17. Surveillance of workers increased following the protests of June, 1953
Believing the protests had arisen first in the workplaces, the SED decided to increase surveillance of workers on the job, during union meetings, and even in their places of leisure. Stasi expanded rapidly following the protests. Informants and spies infiltrated the factories and construction sites throughout East Germany. Often, they served alongside similar agents from the Soviets, unwittingly. Union halls were subjected to wire surveillance, as were telephones in industrial sites. Speaking disparagingly of the party, or of work conditions, or quotas, made the speaker liable for arrest and detention. Any form of protest against the policies of the party became a crime. Failing to report another worker for such activities was equally a crime. Most of the surveillance activities reported through Stasi. Some though, reported directly to the SED.

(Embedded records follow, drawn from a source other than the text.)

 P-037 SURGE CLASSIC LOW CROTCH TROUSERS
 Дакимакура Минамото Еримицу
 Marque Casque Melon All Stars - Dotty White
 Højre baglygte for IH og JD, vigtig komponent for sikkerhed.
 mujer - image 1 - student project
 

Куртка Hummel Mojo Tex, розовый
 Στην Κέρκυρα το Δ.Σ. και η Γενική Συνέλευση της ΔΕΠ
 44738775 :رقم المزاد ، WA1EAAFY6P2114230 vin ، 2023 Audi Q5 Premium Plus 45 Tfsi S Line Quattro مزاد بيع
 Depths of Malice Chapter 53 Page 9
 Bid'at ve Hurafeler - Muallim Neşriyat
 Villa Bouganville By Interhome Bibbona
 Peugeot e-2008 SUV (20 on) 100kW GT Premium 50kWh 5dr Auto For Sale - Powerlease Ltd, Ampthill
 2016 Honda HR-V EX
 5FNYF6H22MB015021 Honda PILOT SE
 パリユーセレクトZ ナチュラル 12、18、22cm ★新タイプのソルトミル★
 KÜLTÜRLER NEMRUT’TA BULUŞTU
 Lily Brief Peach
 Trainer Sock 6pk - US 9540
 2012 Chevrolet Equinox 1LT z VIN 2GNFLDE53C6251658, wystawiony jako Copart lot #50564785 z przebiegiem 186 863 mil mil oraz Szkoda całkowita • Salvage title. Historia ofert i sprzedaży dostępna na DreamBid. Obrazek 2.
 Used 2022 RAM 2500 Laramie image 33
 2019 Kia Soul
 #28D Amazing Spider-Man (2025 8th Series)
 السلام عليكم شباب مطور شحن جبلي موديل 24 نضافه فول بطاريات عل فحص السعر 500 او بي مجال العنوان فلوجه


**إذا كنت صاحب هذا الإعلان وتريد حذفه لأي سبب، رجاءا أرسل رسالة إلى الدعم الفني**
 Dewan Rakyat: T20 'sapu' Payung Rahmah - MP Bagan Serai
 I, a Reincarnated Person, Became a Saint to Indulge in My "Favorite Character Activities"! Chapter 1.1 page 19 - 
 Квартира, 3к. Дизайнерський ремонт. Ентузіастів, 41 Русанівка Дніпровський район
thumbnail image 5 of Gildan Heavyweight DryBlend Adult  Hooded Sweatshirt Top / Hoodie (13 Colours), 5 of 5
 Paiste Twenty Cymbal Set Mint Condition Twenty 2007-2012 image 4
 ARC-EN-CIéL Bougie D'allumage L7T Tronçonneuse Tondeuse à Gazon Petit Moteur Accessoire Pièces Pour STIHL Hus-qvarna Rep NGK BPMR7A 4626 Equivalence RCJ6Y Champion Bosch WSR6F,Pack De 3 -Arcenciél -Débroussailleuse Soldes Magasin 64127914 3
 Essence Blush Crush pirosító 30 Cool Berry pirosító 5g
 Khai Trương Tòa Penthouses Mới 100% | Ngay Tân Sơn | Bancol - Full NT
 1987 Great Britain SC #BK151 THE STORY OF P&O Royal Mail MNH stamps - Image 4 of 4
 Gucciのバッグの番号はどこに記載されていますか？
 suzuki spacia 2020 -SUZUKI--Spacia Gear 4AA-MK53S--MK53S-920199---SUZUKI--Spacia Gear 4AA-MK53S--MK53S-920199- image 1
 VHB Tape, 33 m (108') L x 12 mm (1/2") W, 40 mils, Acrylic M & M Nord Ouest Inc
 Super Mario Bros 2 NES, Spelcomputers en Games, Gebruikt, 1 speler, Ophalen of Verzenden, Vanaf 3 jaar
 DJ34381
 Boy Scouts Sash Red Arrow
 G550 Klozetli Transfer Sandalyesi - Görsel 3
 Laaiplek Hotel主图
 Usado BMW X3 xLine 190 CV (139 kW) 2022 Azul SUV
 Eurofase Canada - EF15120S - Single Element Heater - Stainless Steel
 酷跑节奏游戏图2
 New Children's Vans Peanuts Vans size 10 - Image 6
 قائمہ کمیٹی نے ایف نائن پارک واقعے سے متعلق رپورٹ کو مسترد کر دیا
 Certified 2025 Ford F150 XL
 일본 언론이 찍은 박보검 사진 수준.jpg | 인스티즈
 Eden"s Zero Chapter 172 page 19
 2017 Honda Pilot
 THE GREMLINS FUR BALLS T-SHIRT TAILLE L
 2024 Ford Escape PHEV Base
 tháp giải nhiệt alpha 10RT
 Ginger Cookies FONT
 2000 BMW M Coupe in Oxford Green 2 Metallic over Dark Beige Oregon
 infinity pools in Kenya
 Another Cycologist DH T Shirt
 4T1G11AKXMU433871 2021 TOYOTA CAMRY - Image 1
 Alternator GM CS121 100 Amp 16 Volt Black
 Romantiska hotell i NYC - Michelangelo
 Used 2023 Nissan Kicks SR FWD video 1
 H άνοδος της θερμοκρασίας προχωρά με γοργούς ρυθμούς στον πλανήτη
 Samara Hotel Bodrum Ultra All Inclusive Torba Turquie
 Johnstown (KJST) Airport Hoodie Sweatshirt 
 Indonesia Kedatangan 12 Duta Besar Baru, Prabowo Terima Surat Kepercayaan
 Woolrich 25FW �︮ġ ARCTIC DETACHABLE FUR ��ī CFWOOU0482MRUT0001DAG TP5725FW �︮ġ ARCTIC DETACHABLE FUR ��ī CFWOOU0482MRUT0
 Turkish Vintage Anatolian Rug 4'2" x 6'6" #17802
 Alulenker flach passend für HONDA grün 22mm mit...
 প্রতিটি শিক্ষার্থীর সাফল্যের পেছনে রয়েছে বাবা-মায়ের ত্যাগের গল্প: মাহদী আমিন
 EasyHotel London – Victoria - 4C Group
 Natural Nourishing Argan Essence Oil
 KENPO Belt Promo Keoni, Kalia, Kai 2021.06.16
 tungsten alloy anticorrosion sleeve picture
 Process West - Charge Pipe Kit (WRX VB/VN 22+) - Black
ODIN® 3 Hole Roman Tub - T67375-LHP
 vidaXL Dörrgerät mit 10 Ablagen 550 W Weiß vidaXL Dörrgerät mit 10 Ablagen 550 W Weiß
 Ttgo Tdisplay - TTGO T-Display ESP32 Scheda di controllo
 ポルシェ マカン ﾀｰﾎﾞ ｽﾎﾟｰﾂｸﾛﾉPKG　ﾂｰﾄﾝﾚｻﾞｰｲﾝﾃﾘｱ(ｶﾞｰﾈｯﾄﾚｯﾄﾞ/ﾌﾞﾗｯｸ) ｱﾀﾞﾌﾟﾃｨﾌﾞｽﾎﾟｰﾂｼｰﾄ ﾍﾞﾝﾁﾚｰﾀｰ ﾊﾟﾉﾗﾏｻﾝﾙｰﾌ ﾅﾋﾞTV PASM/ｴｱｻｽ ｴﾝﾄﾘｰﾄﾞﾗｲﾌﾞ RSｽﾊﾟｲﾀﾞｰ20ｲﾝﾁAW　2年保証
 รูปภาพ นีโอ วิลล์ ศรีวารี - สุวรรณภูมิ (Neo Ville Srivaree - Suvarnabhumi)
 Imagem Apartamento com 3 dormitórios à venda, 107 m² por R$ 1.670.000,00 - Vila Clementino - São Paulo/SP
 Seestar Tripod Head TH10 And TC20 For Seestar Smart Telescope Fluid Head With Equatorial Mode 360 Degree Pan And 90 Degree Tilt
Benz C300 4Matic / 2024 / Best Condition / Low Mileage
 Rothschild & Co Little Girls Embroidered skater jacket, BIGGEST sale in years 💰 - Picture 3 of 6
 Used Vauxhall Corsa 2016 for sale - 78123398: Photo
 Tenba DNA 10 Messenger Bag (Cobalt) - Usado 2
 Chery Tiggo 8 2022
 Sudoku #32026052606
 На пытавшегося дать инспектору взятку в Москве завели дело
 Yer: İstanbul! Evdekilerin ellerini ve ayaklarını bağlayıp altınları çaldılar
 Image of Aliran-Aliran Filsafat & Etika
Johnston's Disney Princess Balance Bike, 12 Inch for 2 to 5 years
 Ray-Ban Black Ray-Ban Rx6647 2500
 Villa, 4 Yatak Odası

Officially, the increased work quotas which led to the protests in June were established as voluntary. In practice, many remained in force when the trade unions yielded to SED pressure and announced they would “voluntarily” comply. Their members had no choice but to go along with their leaders or leave the union. Ulbricht’s strict monitoring of the work force came from his fear of another uprising, which would have the effect of ending his hold on party leadership. He also believed another uprising would lead to his losing the support of the USSR. Despite his claims of supporting the peace and unity programs emanating from Moscow, Ulbricht remained a Stalinist. He unapologetically applied Stalin’s techniques, while Moscow looked the other way.